Solr Request Metrics

The system keeps track of the performance of requests to each Solr server that it communicates with.

The metrics have names in the form solr.solrIdentifier.requestType. The solrIdentifier is the address of the Solr instance, and the requestType can be 'get-requests', 'post-requests' or 'put-requests'.

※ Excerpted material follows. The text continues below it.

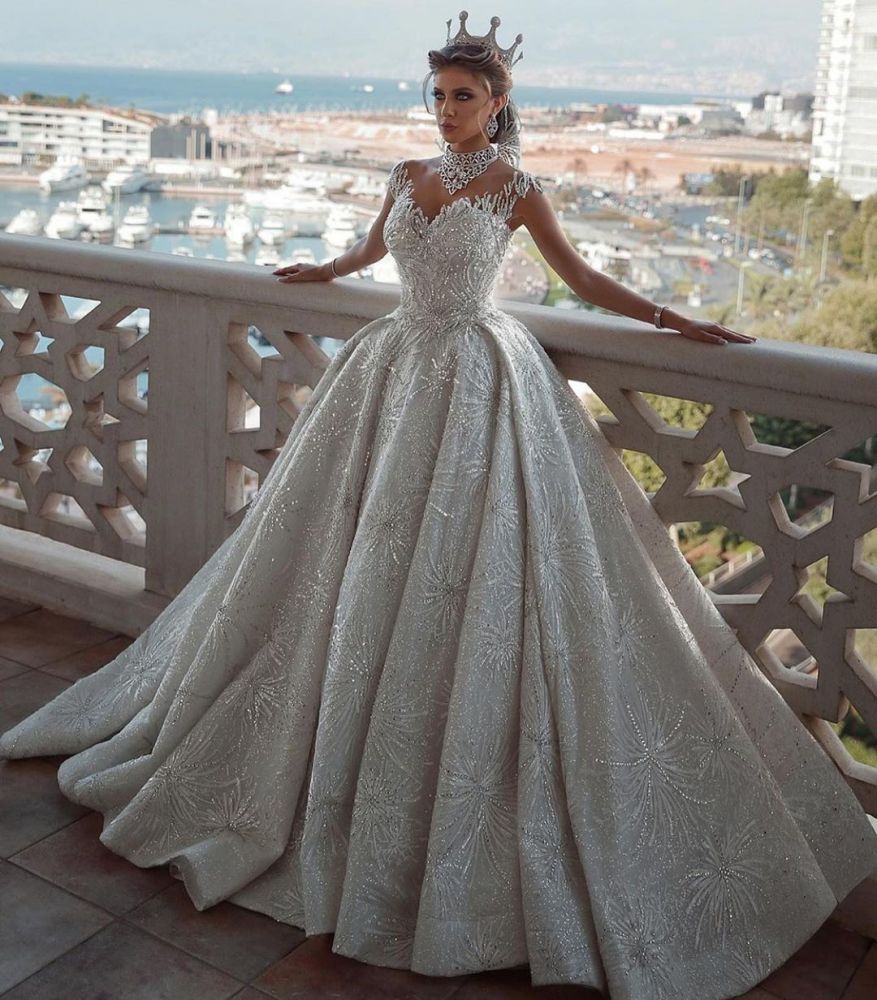 Glamorous Cap Sleeve Ball Gown Wedding Dress With Beading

This example shows get-requests to a Solr instance that is found on '10.0.1.8' and port 8983:

{
  "version" : "3.0.0",
  "gauges" : { },
  "counters" : { },
  "histograms" : { },
  "meters" : { },
  "timers" : {
    "solr.10.0.1.8-8983.get-requests" : {
      "count" : 3170,
      "max" : 0.873981,
      "mean" : 0.2451200904669261,
      "min" : 0.001678,
      "p50" : 0.318176,
      "p75" : 0.48169550000000005,
      "p95" : 0.53017705,
      "p98" : 0.5617982399999999,
      "p99" : 0.6281221800000003,
      "p999" : 0.8710894970000004,
      "stddev" : 0.2448979377578966,
      "m15_rate" : 0.02059326561557774,
      "m1_rate" : 0.03249432457272969,
      "m5_rate" : 0.030788223074952624,
      "mean_rate" : 0.033875616252208286,
      "duration_units" : "seconds",
      "rate_units" : "calls/second"
    }
  }
}

From this we can see that there have been 3,170 GET requests to that Solr instance, and the mean response rate is .03 requests per second.